In an attempt at a visual metaphor, learning is the gathering of shiny knowledge nuggets to put inside the treasure chest of memory inside one's brain.
The need to learn is the pilot light, the interest in the craft, flickering within the animation student.
Teaching is being interested in facilitating (helping) the learning by the animation student in a craft that the teacher is passionate about. It is about igniting the passion for animation within the student mind. The teacher is a big blast of flammable gas!
Maybe that didn't come quite right? Start again...
I have observed an interesting contradiction in some young animators. They want to be told the answers to important animation questions put to them in class. But at the same time they do not like to be told what to do. "Tell me the answers but don't tell me what to do." Hmm, fascinating. Quite the conundrum.
There seems to exist an impatience to be. To be an animator, maybe even a notion to be a good one, but not enough patience to apply the time to learn how. That is, to learn animation the best way by finding the answers for themselves.
Curiosity may have killed some cats, but to my knowledge it is not yet a lethal problem for animation students.
Let's face it, the animation teacher is not a repository of all animation knowledge. But animation teachers do know where to guide a student to look. And we do know the difference between an animation gold nugget and a polished turd.
Now before anyone goes jumping up and down trying to mount a high horse, 'polished turd' is a recognised animation industry term in common usage.
One of my animation teachers used to talk about, "The WHAT and the HOW" in animation and I hope he will one day write down his thoughts (he also talked a lot about polished turds). His context for "the WHAT and the HOW" was the what and how to animate.
I'm using it in the context of being. The what and how to be a good animator.
First up, the what. Ask an animation student, once they have enough information about the craft to actually want to continue practising it, rather than just be entertained by it, "What do you want to be?" They will invariably say, "A good animator."
Next, the how. "How do you get to be a good animator?" Voila! some fantastic facial animation video reference. Occasionally a blank look (that creates a mental uh-oh).
The how is about learning. Learning how to become a good animator.
There is a lot of fool's gold out there for the curious animation student who strikes out on their own without a map; things that look like animation information but are just a pile of polished turds. The teacher is the treasure map to show students where to find animation knowledge. "Y' dig?" Turds are just fine for making compost but, really folks, are no fun to dig around in.

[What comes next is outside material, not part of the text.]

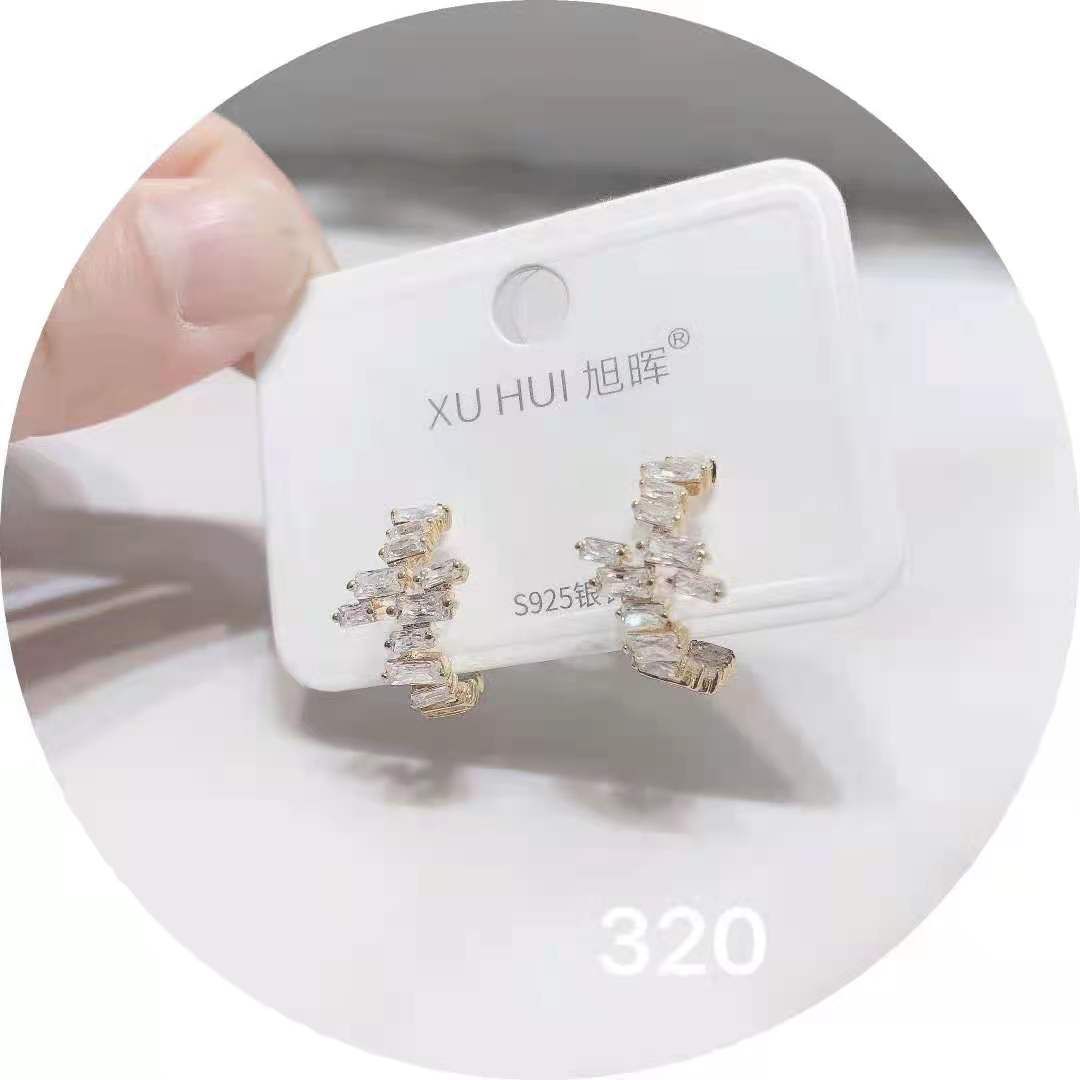 Classic stylish atmospheric earrings A71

The student is the treasure hunter. And there is a big mountain of animation gold (knowledge) in the world's libraries (even the one at SBIT), on the Internet, on DVDs, some in your teacher's memory, some in other animators and lots in the local industry full of experienced but time poor animators. The treasure map, the teacher, is trying to guide animators to it while avoiding the turds. Yup, I wrote turds again.

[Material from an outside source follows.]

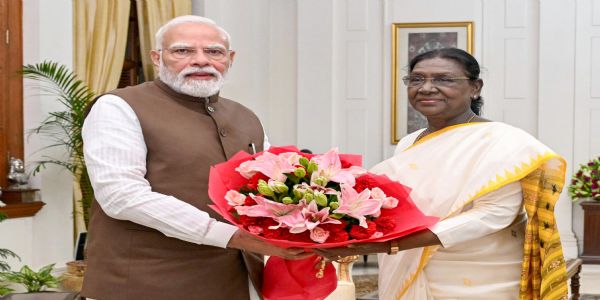 राष्ट्रपति द्रौपदी मुर्मू और प्रधानमंत्री नरेंद्र मोदी (फाइल फोटो) राष्ट्रपति द्रौपदी मुर्मू और प्रधानमंत्री नरेंद्र मोदी (फाइल फोटो)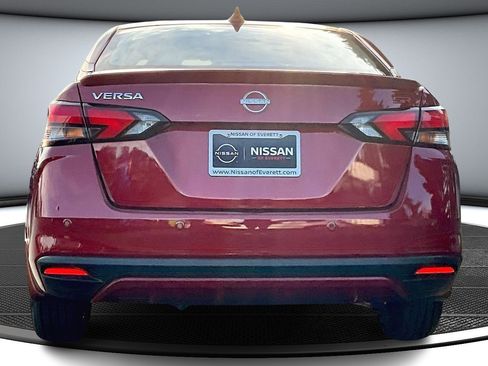 New 2025 Nissan Versa SR w/ Trunk Package image 4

People don't get to be good animators without learning how to animate.
Ponder this, the treasure doesn't get delivered to Jack Sparrow's or Indiana Jones' front door. The murderer doesn't walk into Sherlock Holmes' office and give themselves up. These interested adventurers go out, do their research, dig around a bit here and there looking for clues and then they find it. The producers and financiers applaud as hard as the audience. Rhetoric warning. But did you ever notice the real treasure is all the things they discovered along the way?
The larger the desert to cross, the sweeter the beer on the other side. Next time you attempt to cross a desert you would have learned, taught yourself, that it is easier in the company of a camel and a bag of dates. And the beer in Agadir tastes like nectar. If you just jumped aboard the Polished Turd Airlines flight from Cairo, the beer in Agadir just tastes like Moroccan beer and all you've learnt is that they allow smoking in business class and that little curtain is no barrier to the stench. I think I just typed that because I'm thirsty.
The questions and tasks assigned in class are not "telling an animator what to do". They are a trail of information bread crumbs, carefully selected sign posts, to lead animation students along their own path of discovery in how to animate.
Facilitate your own learning. Bring the things that you find in your research, your discoveries while looking for the answers to tasks and assessment items. Bring them to your teacher and we will pick off the bits that look like turds and work out together whether it is animation fool's gold or the real thing.
Discovering the important things for yourself, while being guided by your teacher, will make you a good animator.